[Opening DATASET SECTION section]
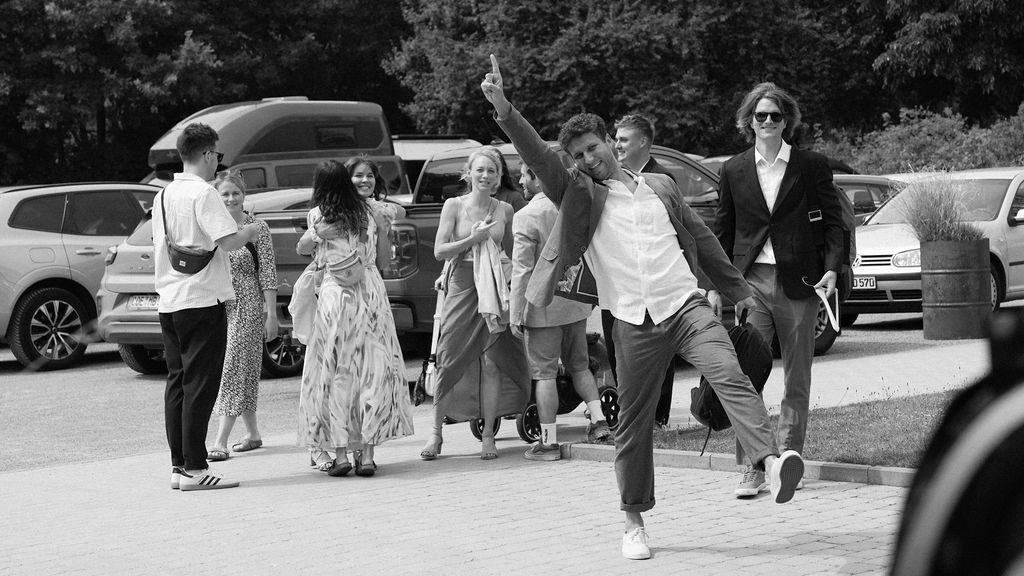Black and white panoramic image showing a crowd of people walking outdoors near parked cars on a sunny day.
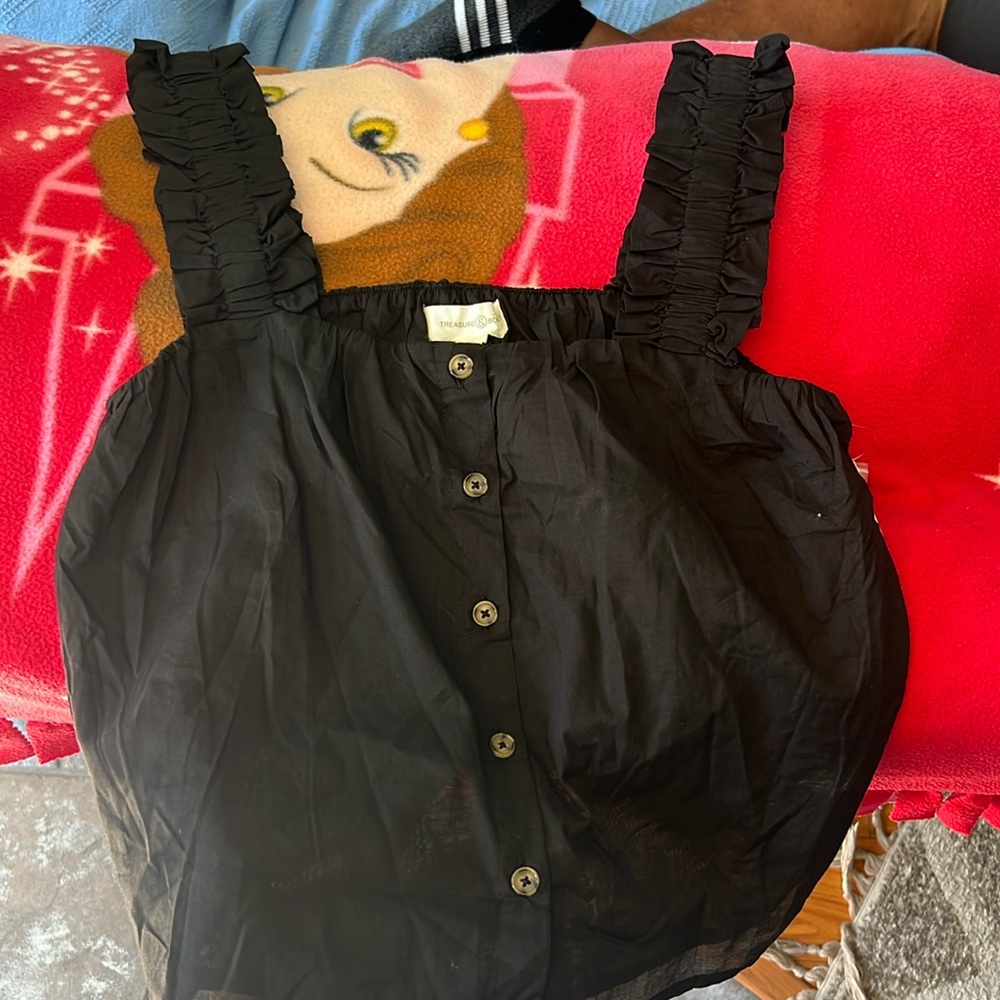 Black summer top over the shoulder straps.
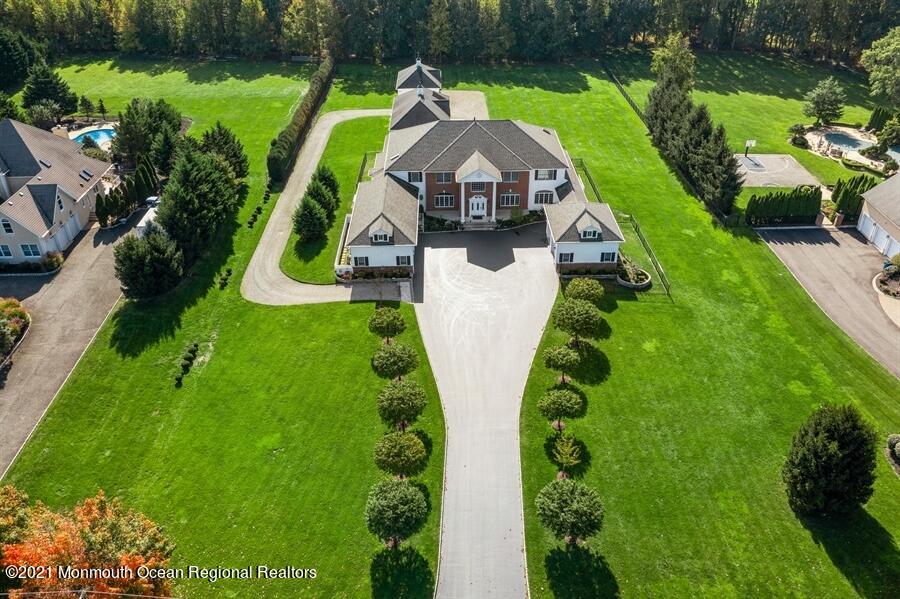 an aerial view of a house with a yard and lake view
[Closing DATASET SECTION section]
▶ **PROBLEM DETAILS**: Once the pictures are dropped, please print every remaining line of the material verbatim.

▶ **OUTPUT**:
Black and white panoramic image showing a crowd of people walking outdoors near parked cars on a sunny day.
 Black summer top over the shoulder straps.
 an aerial view of a house with a yard and lake view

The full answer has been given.